The decrease in revenues for the first nine months of 1999 is comprised of
differences reported by the various segments. Spectrum sales during the first
nine months of 1999 were $60,000 compared to $1,093,000 recorded in the same
period 1998. Dispatch revenues increased $15,000 to $4,170,000 for the nine
months ended September 30, 1999 from $4,155,000 in the same period 1998.
Equipment sales, service and rental revenues increased 43%, or $502,000 for the
nine months of 1999 as compared with the same period of 1998 due to establishing
and acquiring sales and service offices in metro markets.
The decrease in cost of sales is attributed to changes in the various
divisions. The cost of dispatch revenue decreased $421,000 for the nine months
while cost of spectrum sales decreased $286,000 corresponding to reduced
spectrum sales during this period.
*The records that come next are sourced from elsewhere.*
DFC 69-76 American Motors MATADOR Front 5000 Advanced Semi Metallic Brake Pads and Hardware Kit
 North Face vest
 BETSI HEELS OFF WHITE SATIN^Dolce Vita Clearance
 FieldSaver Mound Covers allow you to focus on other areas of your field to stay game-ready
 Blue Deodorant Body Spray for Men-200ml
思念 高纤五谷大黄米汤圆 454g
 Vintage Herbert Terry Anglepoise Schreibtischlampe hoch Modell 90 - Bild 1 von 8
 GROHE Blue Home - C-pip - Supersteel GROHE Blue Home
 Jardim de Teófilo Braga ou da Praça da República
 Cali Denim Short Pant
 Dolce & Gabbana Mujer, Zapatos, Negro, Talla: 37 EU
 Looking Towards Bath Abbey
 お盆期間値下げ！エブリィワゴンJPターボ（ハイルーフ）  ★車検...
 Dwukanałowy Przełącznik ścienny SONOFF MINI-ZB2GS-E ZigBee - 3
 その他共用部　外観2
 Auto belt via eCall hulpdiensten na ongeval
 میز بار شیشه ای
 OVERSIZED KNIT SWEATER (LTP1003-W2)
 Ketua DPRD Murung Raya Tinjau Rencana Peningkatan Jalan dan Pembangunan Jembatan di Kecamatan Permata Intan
The costs of equipment sales, service and
rental increased $220,000 from $688,000 for the nine months of 1998 to $908,000
for the same period 1999.
Depreciation and amortization for the nine months ended September 30, 1999
was $758,000, an increase of $86,000 from $672,000 reported for the nine months
ended September 30, 1998.
General and administrative expenses were up $520,000 to $2,471,000 from
$1,951,000. This increase is primarily attributable to the expansion of sales
and service in The Woodlands and other regions.
The net loss for the period ended September 30, 1999 was $749,000 as
compared with net income of $67,000 for the period ended September 30, 1998 as a
result of fewer spectrum sales to date. The Company has executed a contract for
the sale of the Arizona licenses, systems and customers which will result in a
capital gain of approximately $500,000 before income tax. The Company also has
entered into contracts for the sale of spectrum with projected gross margin
before income tax to be in excess of $500,000 which will be reflected in future
quarters. These transactions are pending the required FCC consents and
subsequent issuance of the licenses in the transferee's name. However, there can
be no assurance that spectrum sales will continue, and factors which could
reduce the Company's ability to generate revenue through spectrum sales include
the Company's inability to acquire spectrum on favorable terms, demand for
spectrum, regulatory restraints, competition, and the Company's inability to
negotiate sales of spectrum on favorable terms.
-8-
<PAGE> 11
Financial Condition and Liquidity
The Company had $218,000 in cash and cash equivalents at September 30,
1999 as compared with $354,000 at December 31, 1998. The working capital of the
Company at September 30, 1999 was a negative $990,000 as compared with a
negative $543,000 at December 31, 1998. The decrease is attributable to regional
expansion and fewer spectrum sales.
Cash flows from operating activities were a positive $456,000 and $194,000
for the quarters ended September 30, 1999 and 1998, respectively, and a negative
$295,000 and a positive $438,000 for the nine months ended September 30, 1999
and 1998, respectively. The cash flows from operating activities in 1998
included the closing of several spectrum sales.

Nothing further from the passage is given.